PNNL Engineer Shines Light on Small Power Contributors to Gigantic Grid
Industry group bestows top award for Qiuhua Huang’s groundbreaking study
More and more people are adding solar arrays, and soon will be adding pint-sized wind turbines and energy-generating and storage gizmos of all sorts to their humble abodes. Qiuhua Huang wants the nation’s electric grid to be ready.
Huang explored the challenge of integrating all those tiny contributors to the larger whole in a study titled, “Integrated Transmission and Distribution System Power Flow & Dynamic Simulation Using Mixed Three-Sequence/Three-Phase Modeling.”
Huang, a senior power system research engineer in PNNL’s Electricity Infrastructure group, was recently honored for his work.
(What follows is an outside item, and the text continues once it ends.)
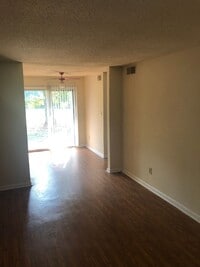 Building Photo - 2021 Harvest Ln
The IEEE Power & Energy Society (PES) named Huang and co-author Vijay Vittal of Arizona State University (ASU) as recipients of the 2019 PES Prize Paper Award. Only two papers are chosen each year to win this award, with this year’s presented in August at the IEEE PES General Meeting held in Atlanta.
Arizona State Inspiration
Huang says that he saw an opportunity to investigate a shortcoming in the electrical distribution industry while he worked on his doctorate under the guidance of Vittal, a professor in ASU’s Department of Electrical, Computer and Energy Engineering.
Grid analysis traditionally focuses on the interaction between large electricity producers and utility distribution companies—small energy producers are highly underrepresented or even completely ignored. Huang saw an opportunity for exploration.
“There was a big gap in the industry,” Huang says. “And this gap prevents grid operators from fully understanding the impacts of distributed energy resources on the grid as a whole.”
Current distribution system modeling, Huang explains, has not kept pace with the steady addition of renewable generation and energy storage technologies. Researchers and engineers in the electric power industry typically perform studies on transmission and distribution systems independently, using over-simplified representations of one system when the other one is studied closely.
That approach doesn’t account for the impact of the rooftop solar arrays and other distributed energy resources on the gigantic grid. To address that, Qiuhua developed an innovative transmission and distribution analysis approach.
Converging on a Solution
More importantly, his method also addresses the challenges of convergence of dynamic co-simulation for modeling unbalanced conditions and faults at the transmission and distribution boundaries and within the transmission system.
Co-simulation is a modeling technique for complex systems. In the power industry, it refers to two or more power system simulators that model different parts of a large system exchanging information or iterating for each time step during a multiple time step simulation. This is roughly like two people with different viewpoints at the beginning of a conversation working toward consensus through exchanging ideas. Huang’s algorithm design enables that consensus to take place. Thanks to Huang’s work, grid planners and operators have a better understanding of the impacts distributed energy resources not only at the local level but at the whole system level.
Since joining PNNL, Huang continues to develop and apply co-simulation technologies for other challenging problems facing the electric power industry, such as coordinated transmission, distribution, and communication systems restoration; composite load model calibration; and transactive energy system simulation.
Huang received his doctorate in electrical engineering from ASU in 2016. He received BE and MS degrees in electrical engineering from South China University of Technology, Guangzhou, China, in 2009 and 2012, respectively.